### PROVIDED INFORMATION
----

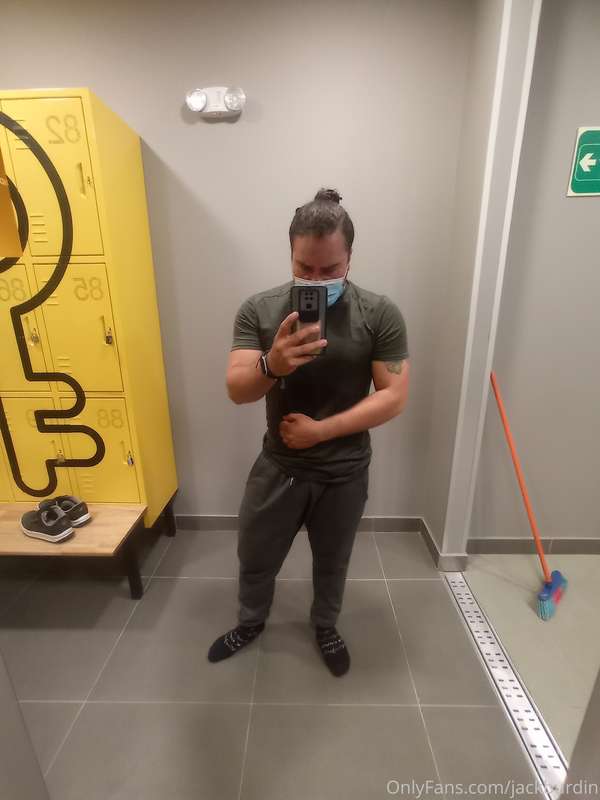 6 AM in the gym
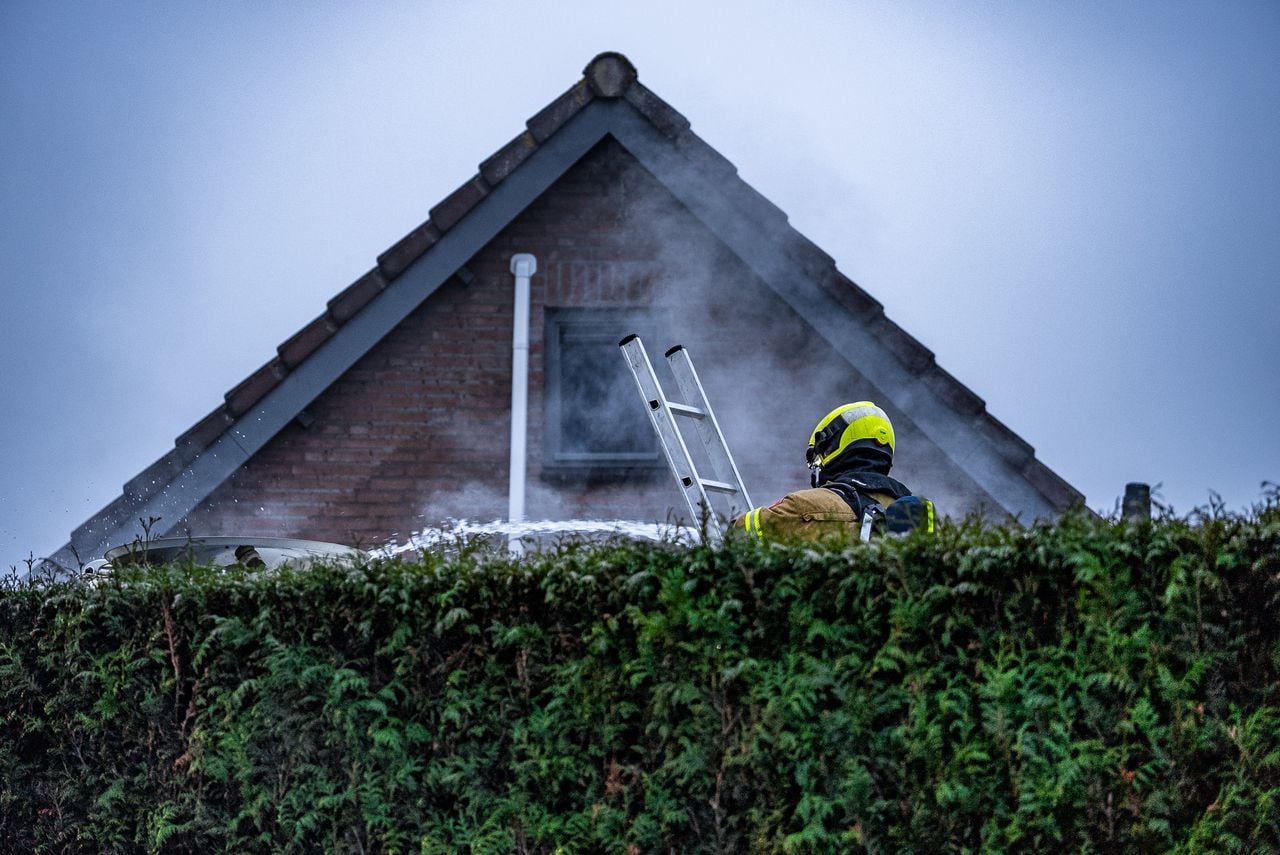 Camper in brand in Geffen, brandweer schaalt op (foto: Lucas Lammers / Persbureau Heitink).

----

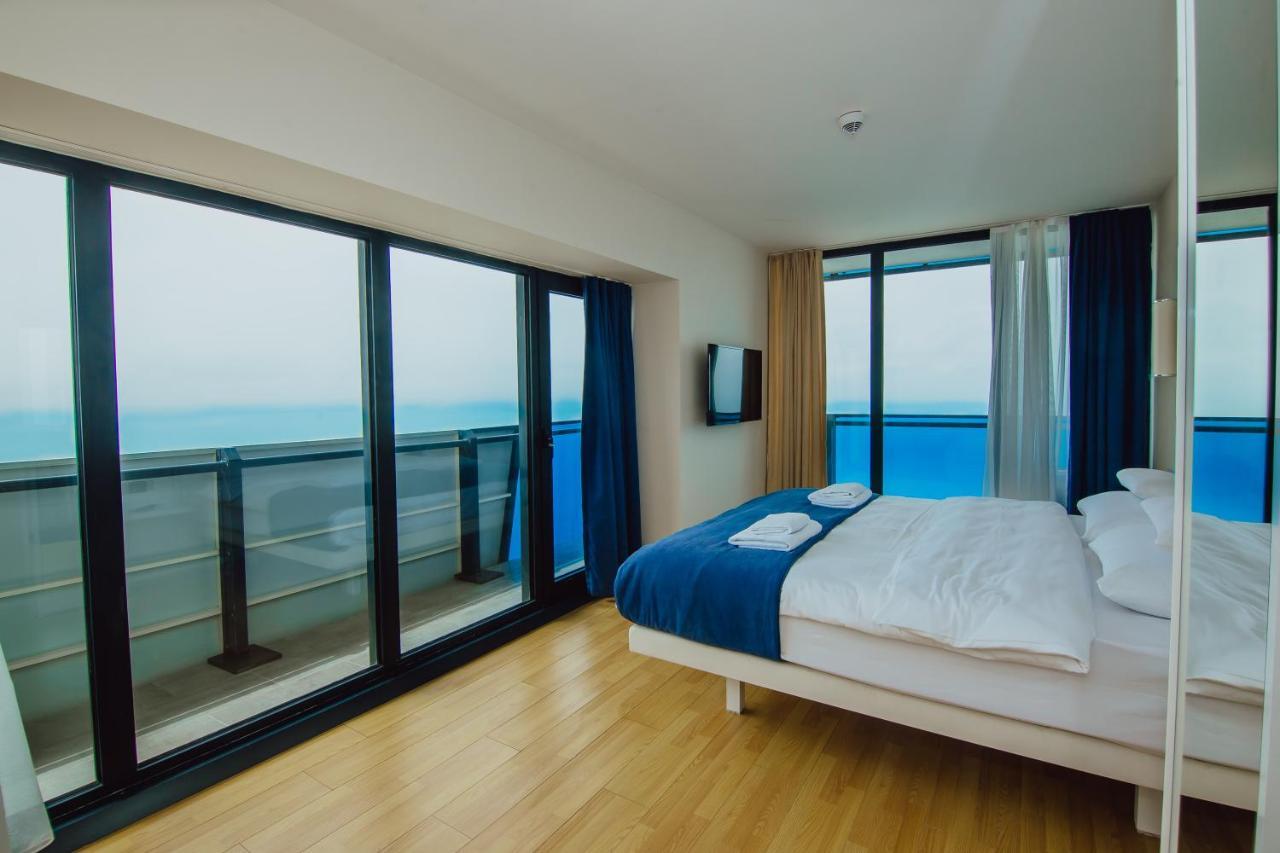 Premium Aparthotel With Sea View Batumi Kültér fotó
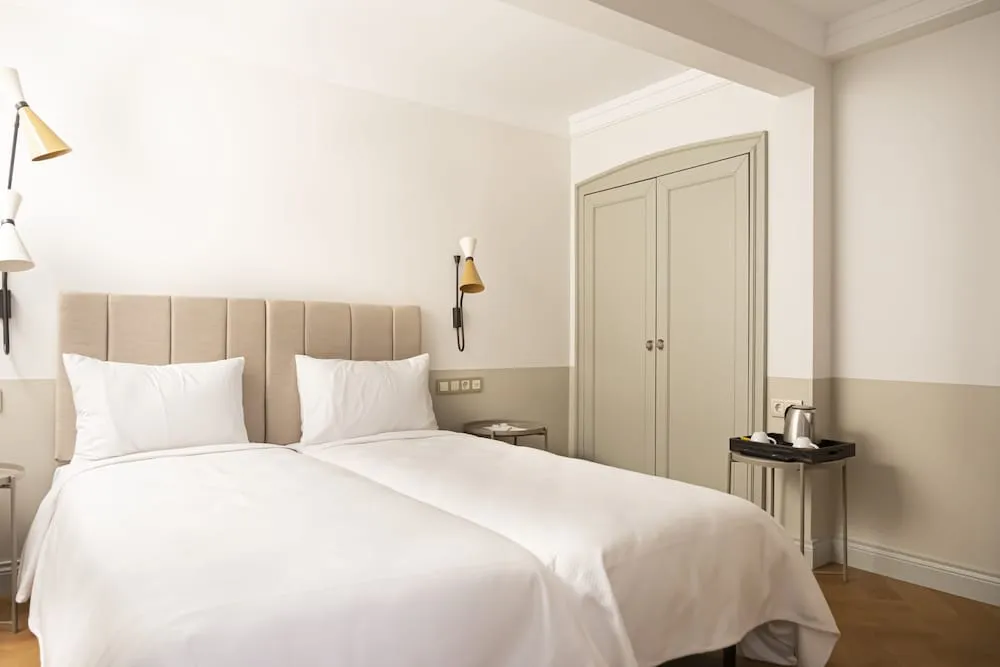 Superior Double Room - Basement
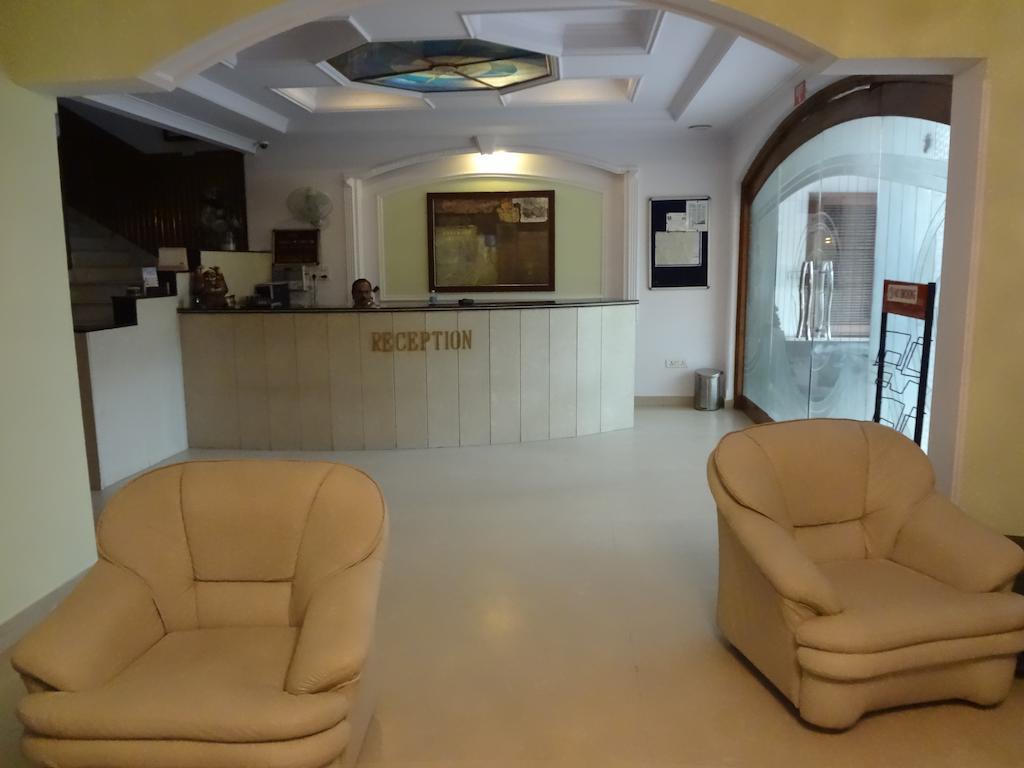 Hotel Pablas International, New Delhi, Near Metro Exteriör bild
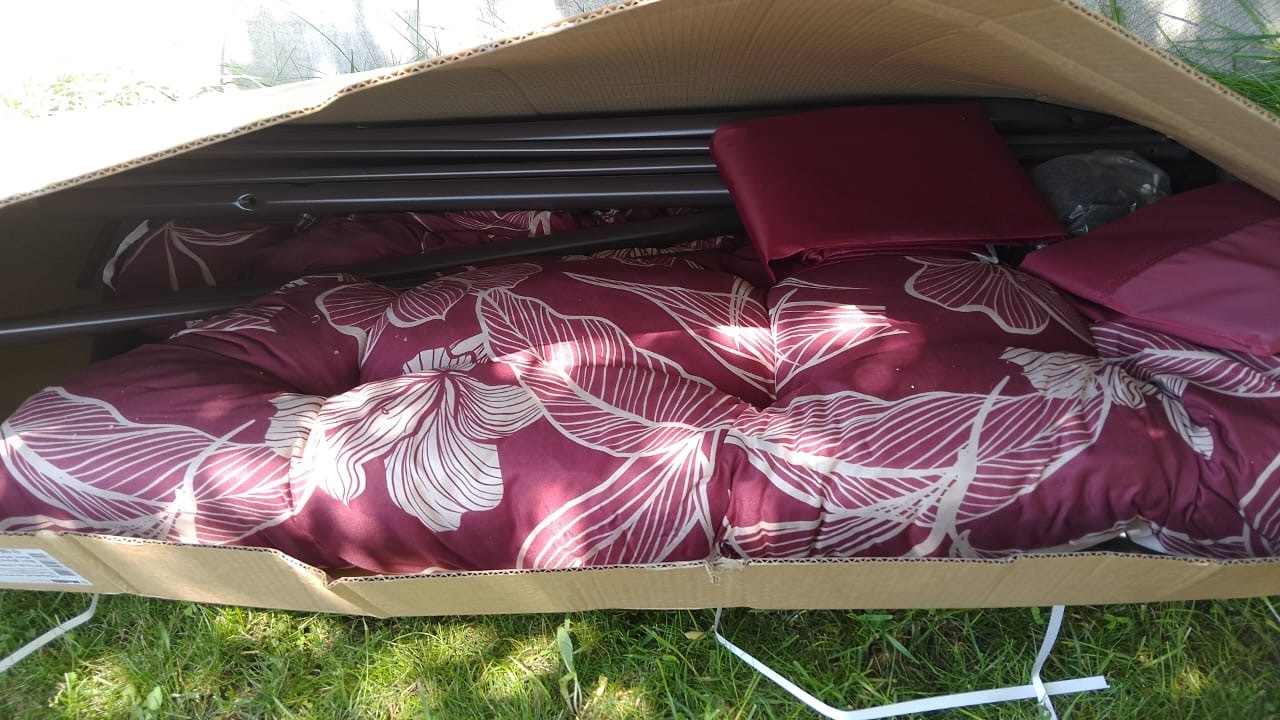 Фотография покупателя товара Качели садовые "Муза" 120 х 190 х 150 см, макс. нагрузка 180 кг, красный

----

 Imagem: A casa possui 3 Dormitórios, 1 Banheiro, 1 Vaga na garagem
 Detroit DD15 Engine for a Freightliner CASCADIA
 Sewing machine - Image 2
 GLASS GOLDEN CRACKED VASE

----

### GOAL OF THE EXERCISE
Could you set down, word for word, only the lines above from the line with "Sewing machine - Image 2" to the line with "GLASS GOLDEN CRACKED VASE", including both?

### COMPLETED TASK
 Sewing machine - Image 2
 GLASS GOLDEN CRACKED VASE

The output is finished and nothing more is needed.